Efficiently querying networks in BigQuery
I recently worked on a project to import a set of network data into BigQuery. As part of this I needed to figure out how to make querying the data efficient. I thought it would be useful to write down how I made this work for future reference as there are several things to figure out.
First implementation
Let's say we have a data set containing country information about networks that we want to load into BigQuery:
network,country 1.1.0.0/16,CA 2.0.0.0/15,US [many more rows]

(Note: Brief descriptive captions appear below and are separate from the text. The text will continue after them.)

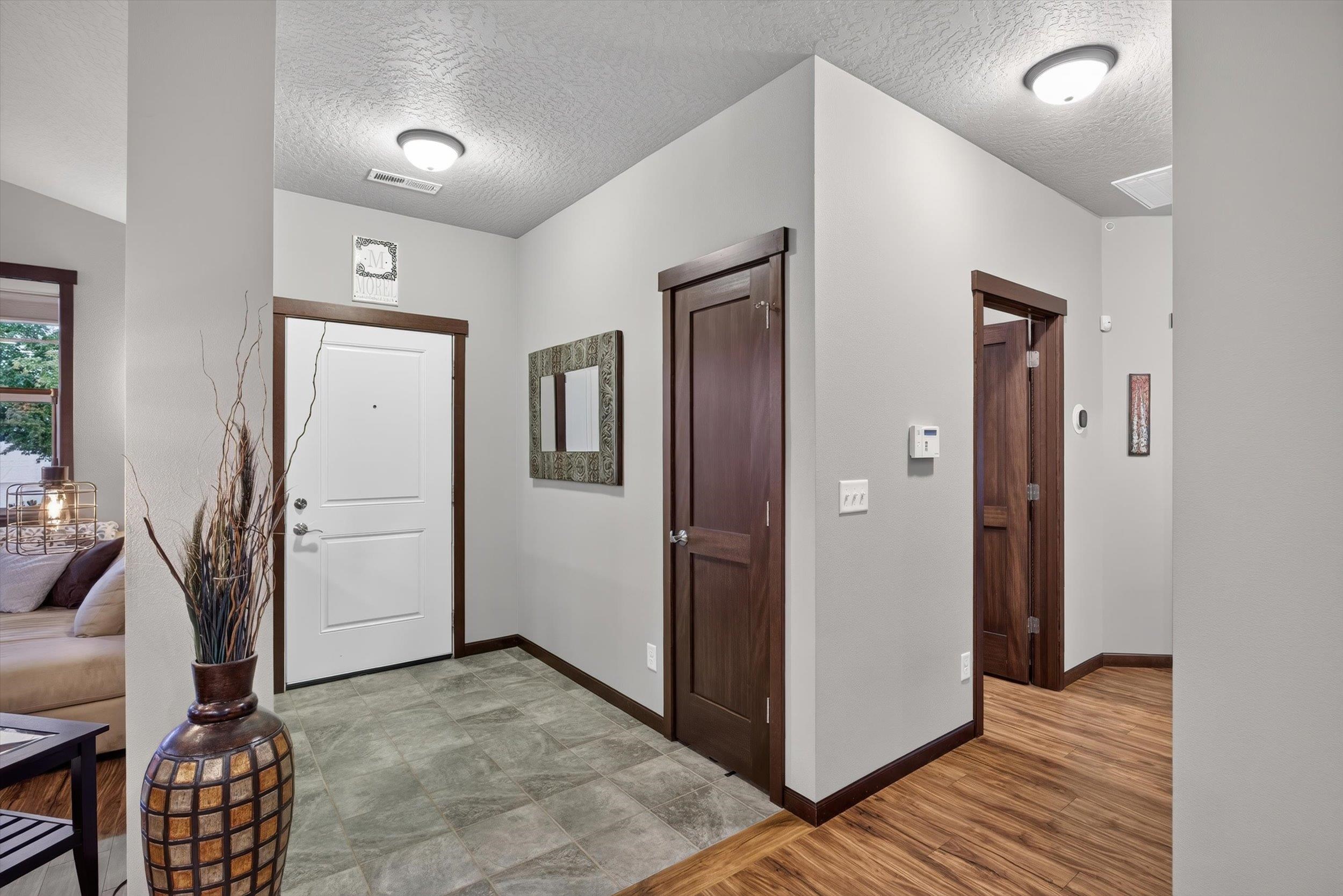 9322 N Rosebury Ln - Photo 3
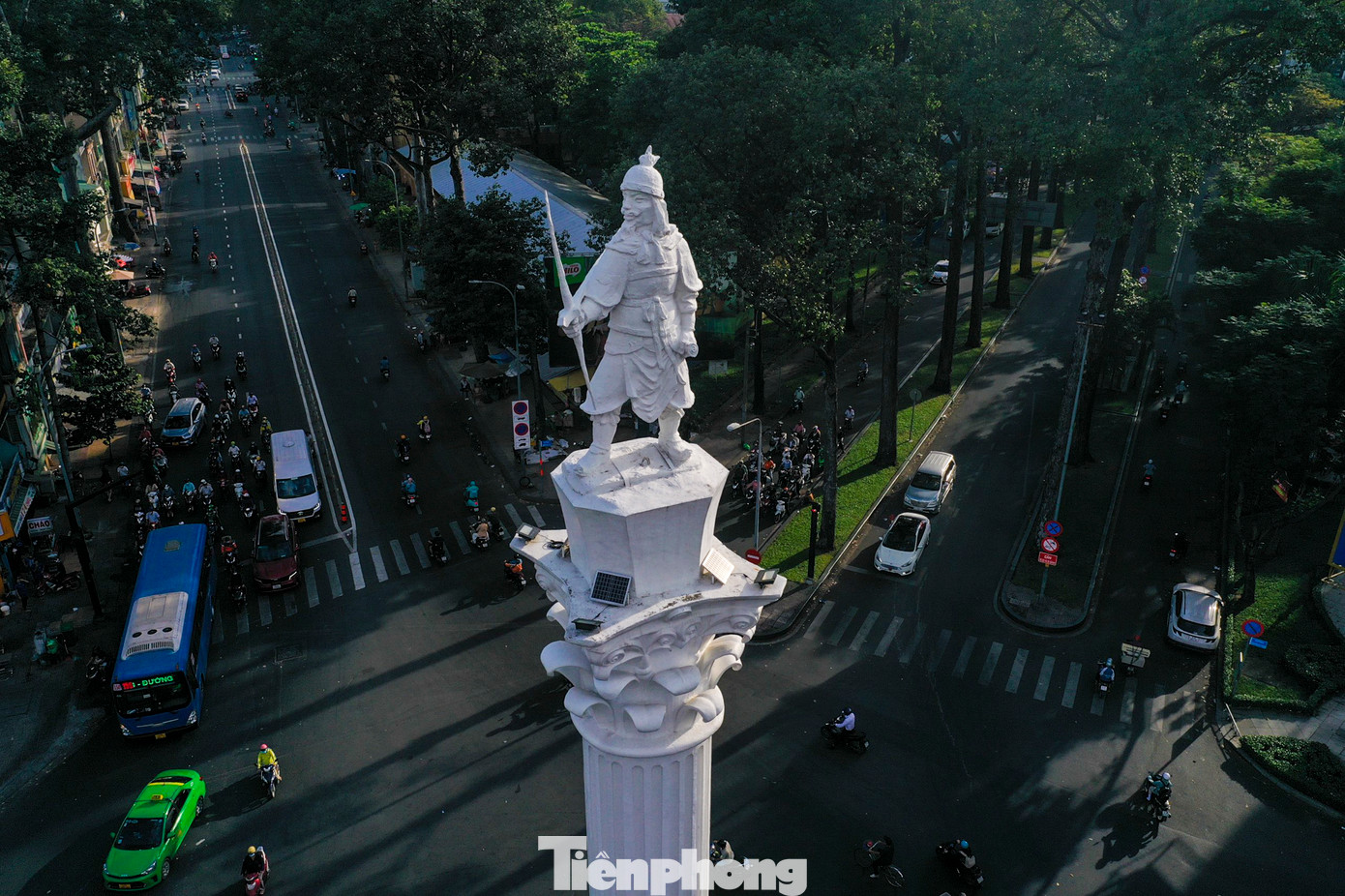 Thời gian qua, TPHCM vừa triển khai tu sửa, chỉnh trang lại nhiều tượng đài có tuổi đời hơn nửa thế kỷ được đặt tại các vòng xoay, nút giao thông lớn trong thành phố. Hiện có khoảng 10 tượng đài được xây dựng trước năm 1975, trong đó các tượng đài Phan Đình Phùng, Quách Thị Trang, Trần Nguyên Hãn, An Dương Vương... đang được tu sửa, chỉnh trang sau nhiều năm xuống cấp, hư hỏng.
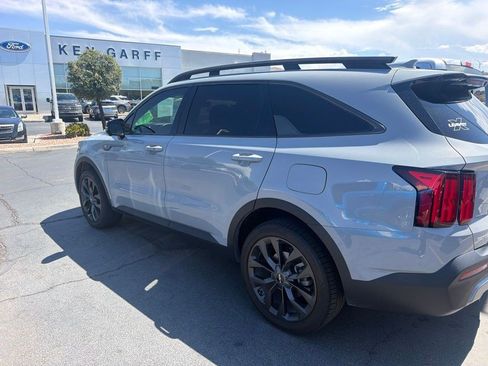 Used 2023 Kia Sorento SX Prestige AWD/4WD image 2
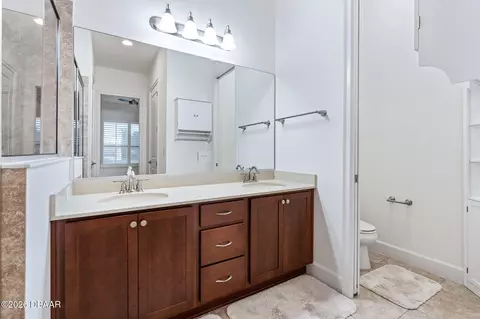 Bath - 732 Aldenham Ln, Ormond Beach, FL 32174 photo 1 of 3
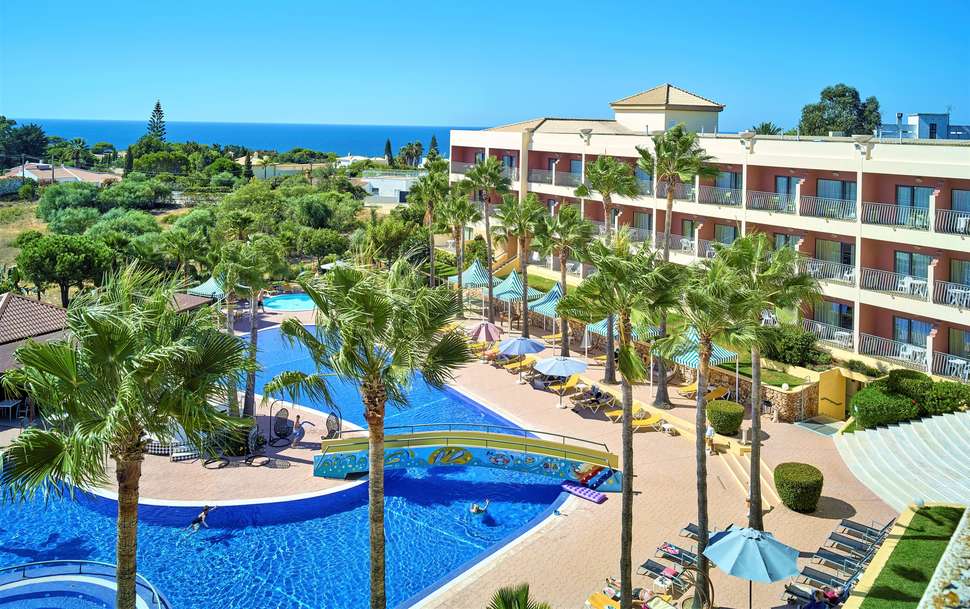Een foto van het zwembad bij Hotel Baia Grande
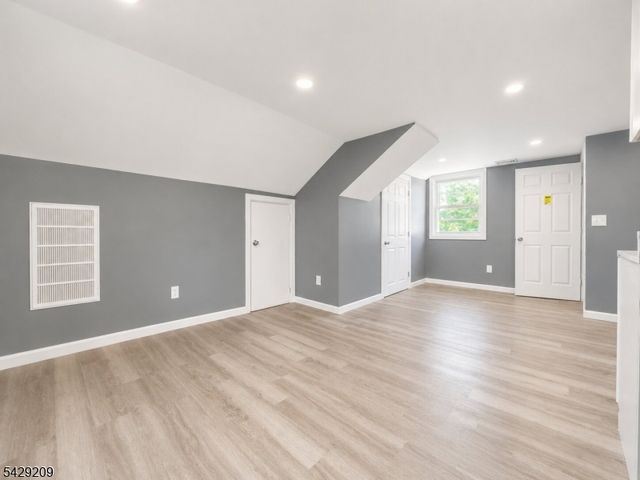 57 Highland St, Paterson City, NJ 07524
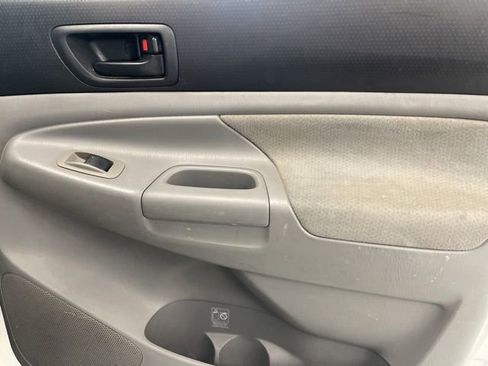 Used 2008 Toyota Tacoma PreRunner RWD image 28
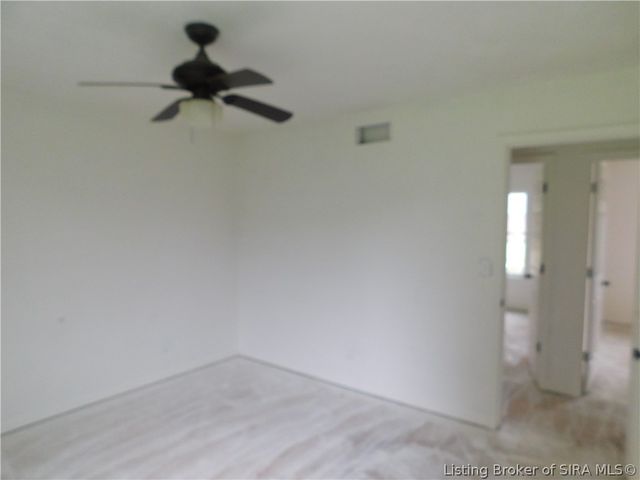 1828 Fall Run Court, New Albany, IN 47150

Let's say we load it into BigQuery like this:
CREATE TABLE dataset.network_country AS ( network string, country string );
If we have an IP address and we want to query the table for its country, how do we do that? BigQuery has built-in network functions. We could use them to do something like this:
SELECT country FROM dataset.network_country WHERE NET.IP_TRUNC( NET.IP_FROM_STRING('1.1.1.1'), CAST(REGEXP_EXTRACT(network, r'/(\d+)$') AS INT64) ) = NET.IP_FROM_STRING( REGEXP_EXTRACT(network, r'^([^/]+)') );
However this is inefficient. Beyond the overhead of the regexes, the main issue is we need to check every row.
Adding start and end IP columns
To improve on this, we could import the data with the start and end IP of
each network. BigQuery's NET.IPV4_TO_INT64() lets us work with IPv4 IPs
as integers. There is no equivalent function for IPv6, so we use bytes,
which NET.IP_FROM_STRING() gives us.
CREATE TABLE dataset.network_country_ipv4 AS ( network string, country string, start_int integer, end_int integer );
and
CREATE TABLE dataset.network_country_ipv6 AS ( network string, country string, start_int bytes, end_int bytes );
To add these columns, we can pre-process the CSV before loading into BigQuery.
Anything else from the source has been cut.